#### Problem:
Here the job is to copy the data exactly and to exclude every image from it.

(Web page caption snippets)
===============

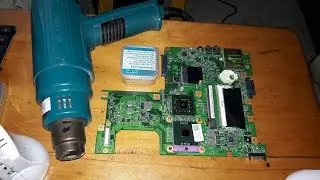 Graphic chip repair / reflow / laptop motherboard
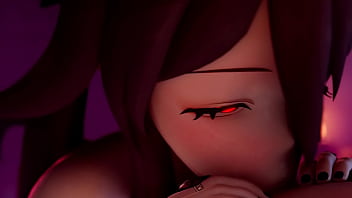 Hu Tao Sucking Dick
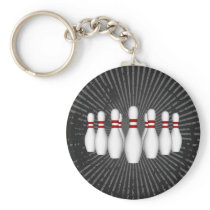 Bowling Pins: 3D Model: Keychain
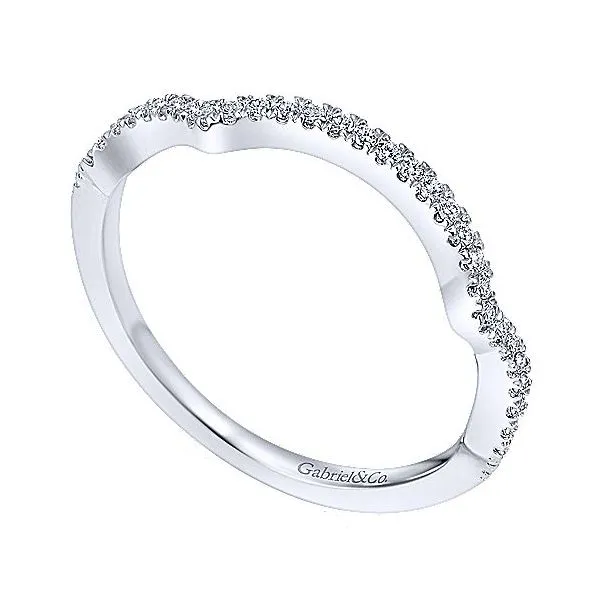 14K White Gold 0.15ctw Diamond Curve Band Image 3 Your Jewelry Box Altoona, PA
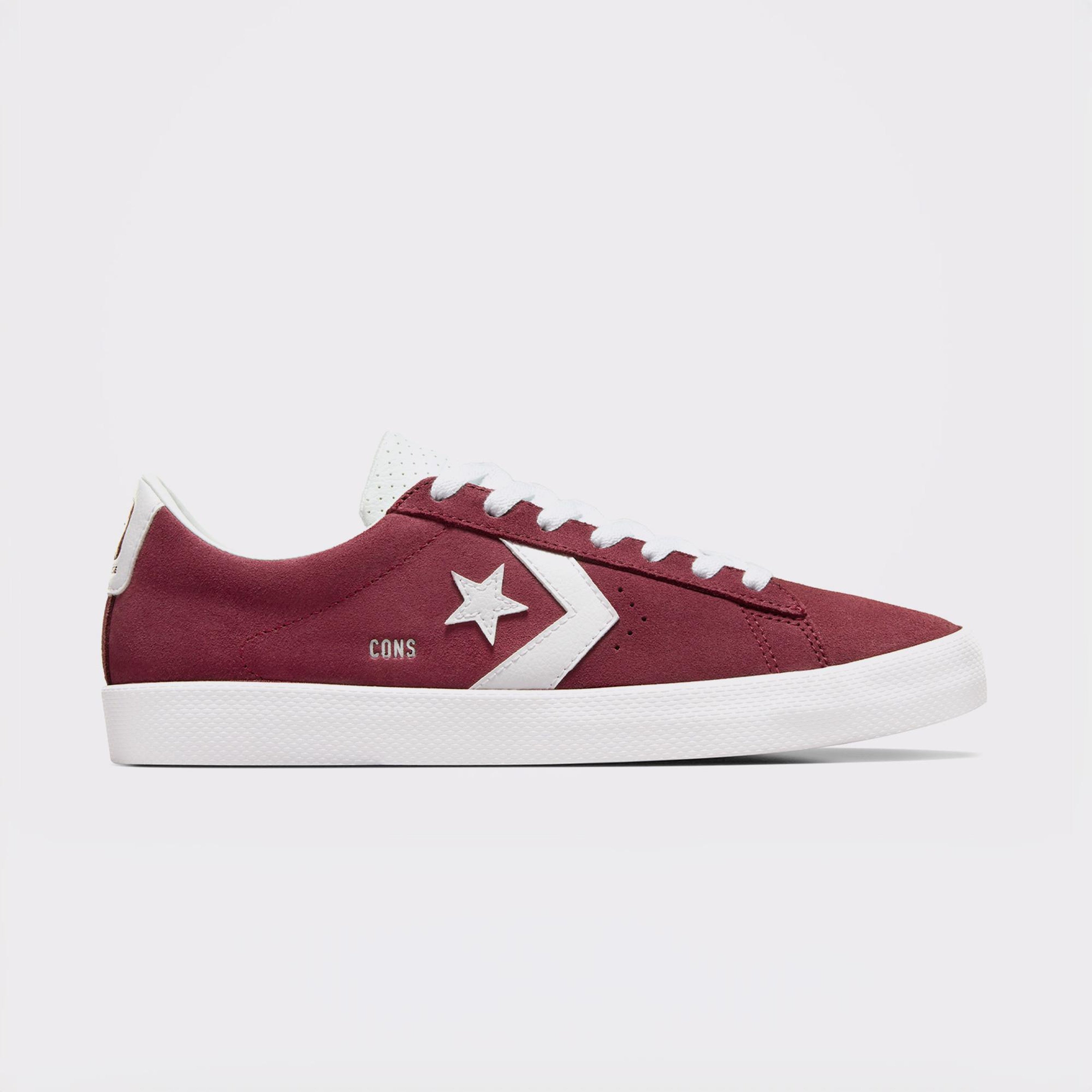 Converse Cons Pl Vulc Pro Unisex Bordo Deri Sneaker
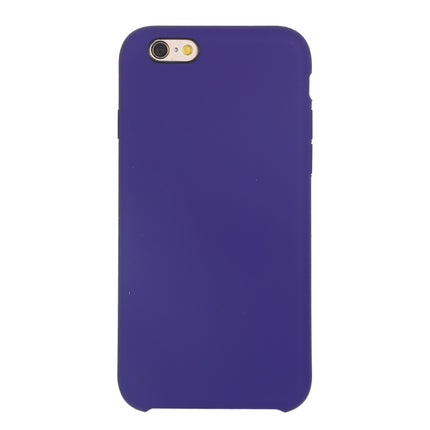 Pure Color Liquid Silicone + PC Shockproof Defender Case For iPhone SE 2020 & 8 & 7(Dark Purple)-garmade.com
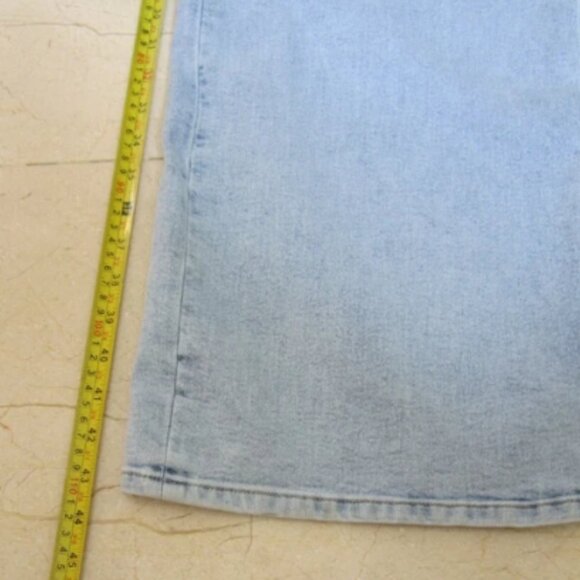AIRWALK Denim Jeans Women's Size 14 Light Blue Wide Leg - Picture 7 of 8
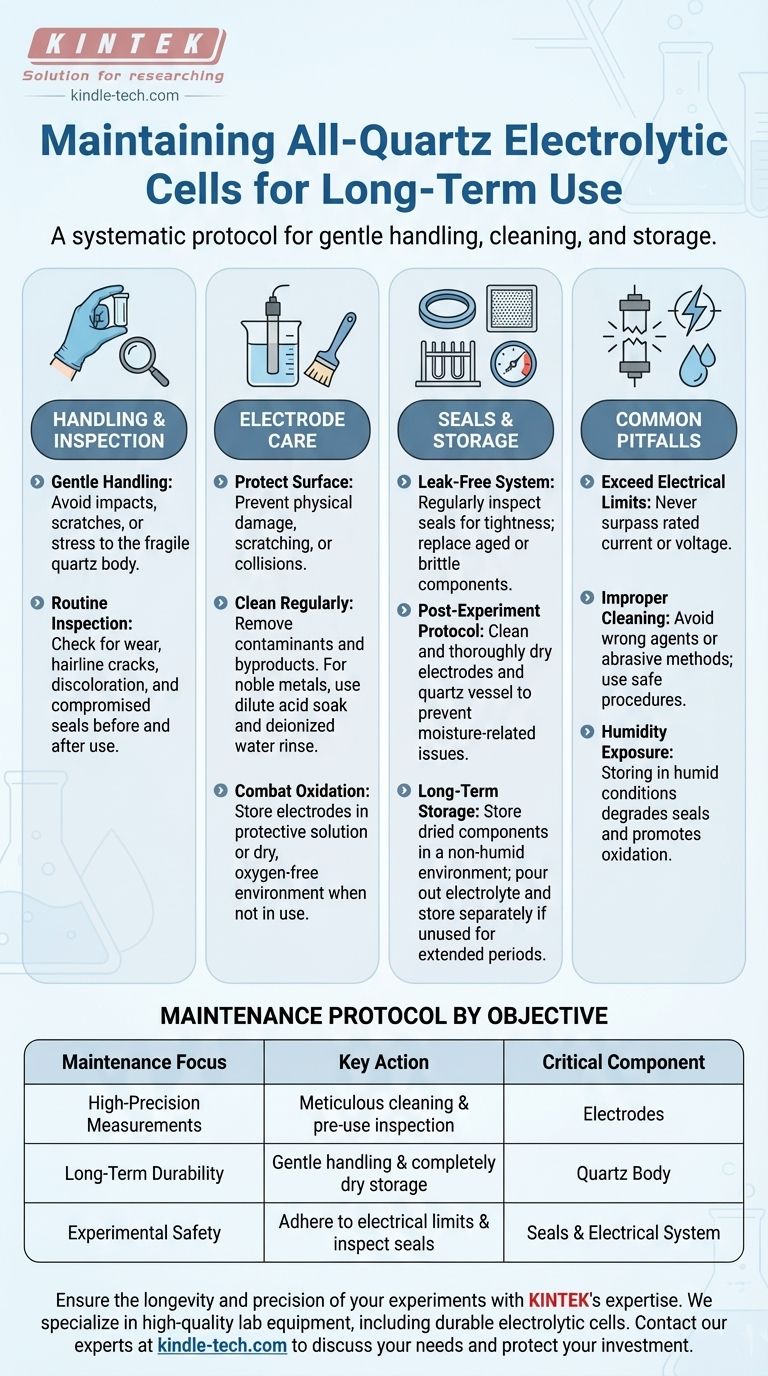 Как следует обслуживать полностью кварцевую электролитическую ячейку и ее компоненты для длительного использования? Руководство по максимизации срока службы оборудования Визуальное руководство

===============

#### Result of the exercise:
 Graphic chip repair / reflow / laptop motherboard
 Hu Tao Sucking Dick
 Bowling Pins: 3D Model: Keychain
 14K White Gold 0.15ctw Diamond Curve Band Image 3 Your Jewelry Box Altoona, PA
 Converse Cons Pl Vulc Pro Unisex Bordo Deri Sneaker
 Pure Color Liquid Silicone + PC Shockproof Defender Case For iPhone SE 2020 & 8 & 7(Dark Purple)-garmade.com
AIRWALK Denim Jeans Women's Size 14 Light Blue Wide Leg - Picture 7 of 8
 Как следует обслуживать полностью кварцевую электролитическую ячейку и ее компоненты для длительного использования? Руководство по максимизации срока службы оборудования Визуальное руководство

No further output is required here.